Am Rande: Der Guru
Auch große Wissenschaftler fangen klein an. Vor Lorbeeren und Ruhm, die ohnehin nicht jeden ereilen, begnügt sich der Anfänger bescheiden mit kleinen Erfolgen, zum Beispiel den ersten Veröffentlichungen. Steht der Name auf dem allerersten Paper noch an letzter Stelle, da es nur bis zum Meßknecht gereicht hat, rutscht der angehende Forscher nach und nach auf die vorderen Positionen. Das Herz schlägt höher, wenn die eigene Arbeit auch von anderen Gruppen zitiert wird, und es überschlägt sich fast vor Freude, wenn endlich die persönliche Anerkennung durch einen altehrwürdigen Guru des Fachgebiets folgt.
"Ich habe Ihr Paper gelesen", sagte Mann mit dem wirren Haar. Eigentlich ein einfacher, fast schon gewöhnlicher Satz. Doch aus dem Mund eines renommierten Altmeisters gesprochen, wirbelte er in der Hypophyse meines Kollegen Vlad ungeahnte Mengen von Glückshormonen auf. Für den jungen aufstrebenden Wissenschaftler schien die Welt wieder im Lot. Die eigene Arbeit war hiermit anerkannt, die Leistung durch eine Größe des Fachs gewürdigt. "Hm, war sehr interessant." Wenn auch ein wenig unspezifisch, so drückten diese gemurmelten Worte doch einen gewissen Respekt aus.
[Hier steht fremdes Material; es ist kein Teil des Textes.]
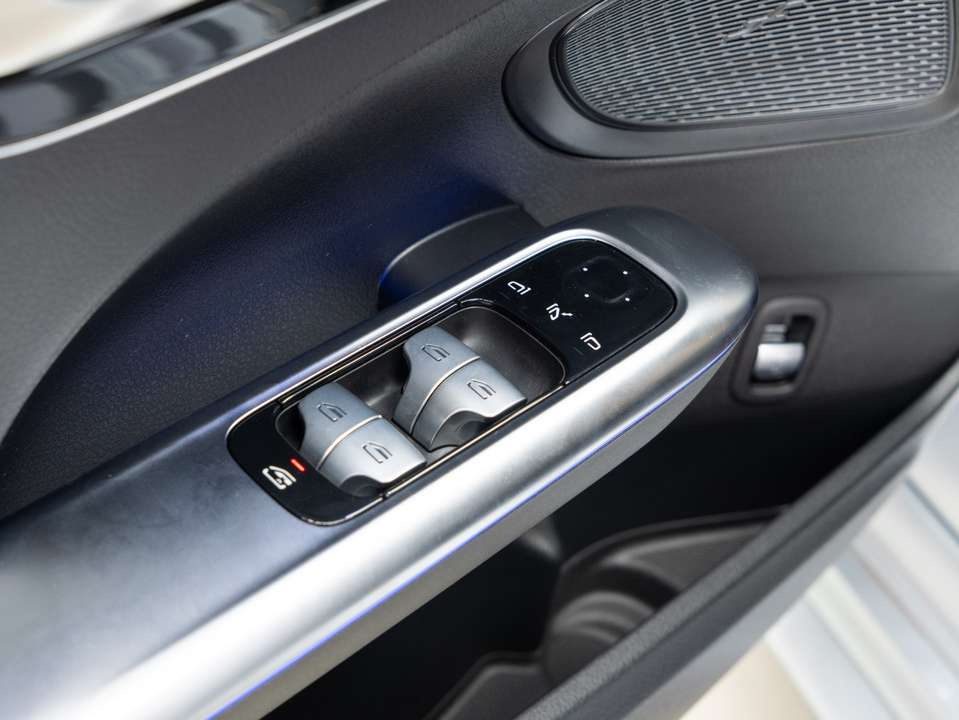 Mercedes-Benz C 180 - Imagem 8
Vlad wollte das nicht leugnen, auch wenn der Guru sich kurze Zeit später mit den Worten verabschiedete: "Wie war doch gleich Ihr Name?" Der alte Herr schlurfte davon.
Doch, wie überall im Leben, ist auch in der Wissenschaft der Weg zum Erfolg ein langer, steiniger Pfad. So mag es passiert sein, dass mein Kollege, beflügelt von der noch frischen Erinnerung, das alte Idol wiedertraf und der gutmütige Gentleman ihn erneut ansprach: "Ich habe Ihr Paper gelesen. War sehr interessant. Wie war doch gleich Ihr Name?"